▸ Goal of the exercise
Please output the listing below character for character and omit the images.

▸ Collected data
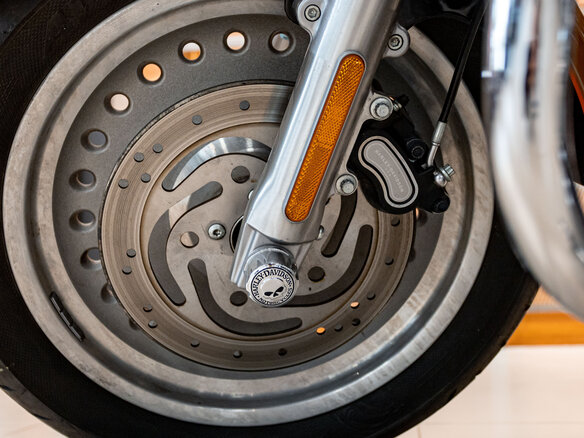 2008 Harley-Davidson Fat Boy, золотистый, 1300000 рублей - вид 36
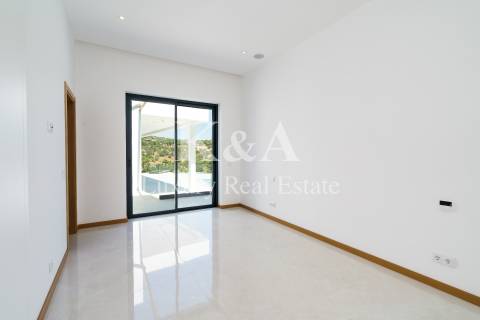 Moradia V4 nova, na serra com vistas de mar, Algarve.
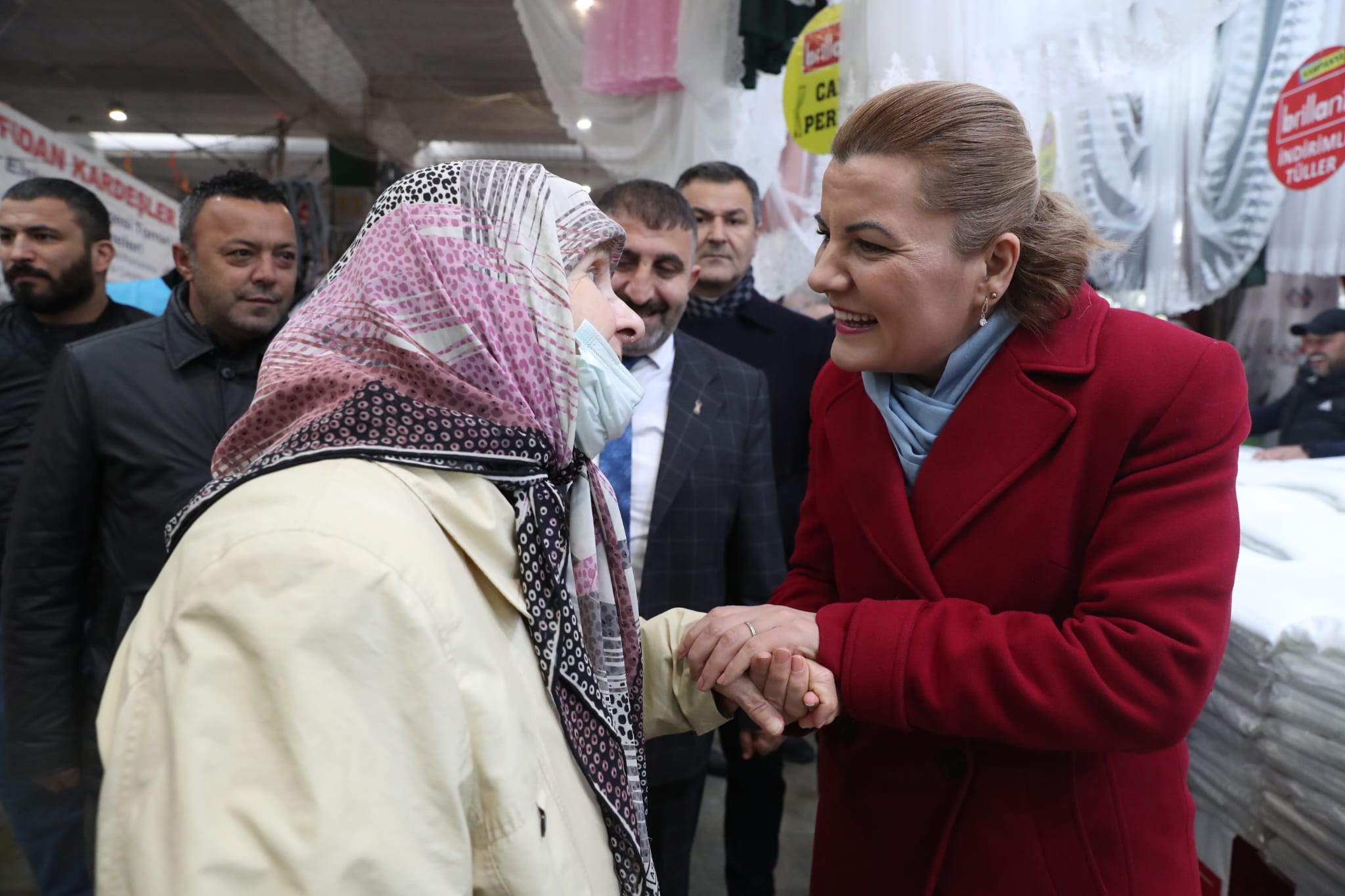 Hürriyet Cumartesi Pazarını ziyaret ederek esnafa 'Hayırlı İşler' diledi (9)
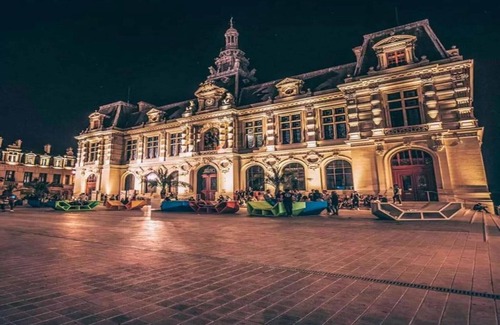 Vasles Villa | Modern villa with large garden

▸ Solution to this exercise
 2008 Harley-Davidson Fat Boy, золотистый, 1300000 рублей - вид 36
 Moradia V4 nova, na serra com vistas de mar, Algarve.
 Hürriyet Cumartesi Pazarını ziyaret ederek esnafa 'Hayırlı İşler' diledi (9)
 Vasles Villa | Modern villa with large garden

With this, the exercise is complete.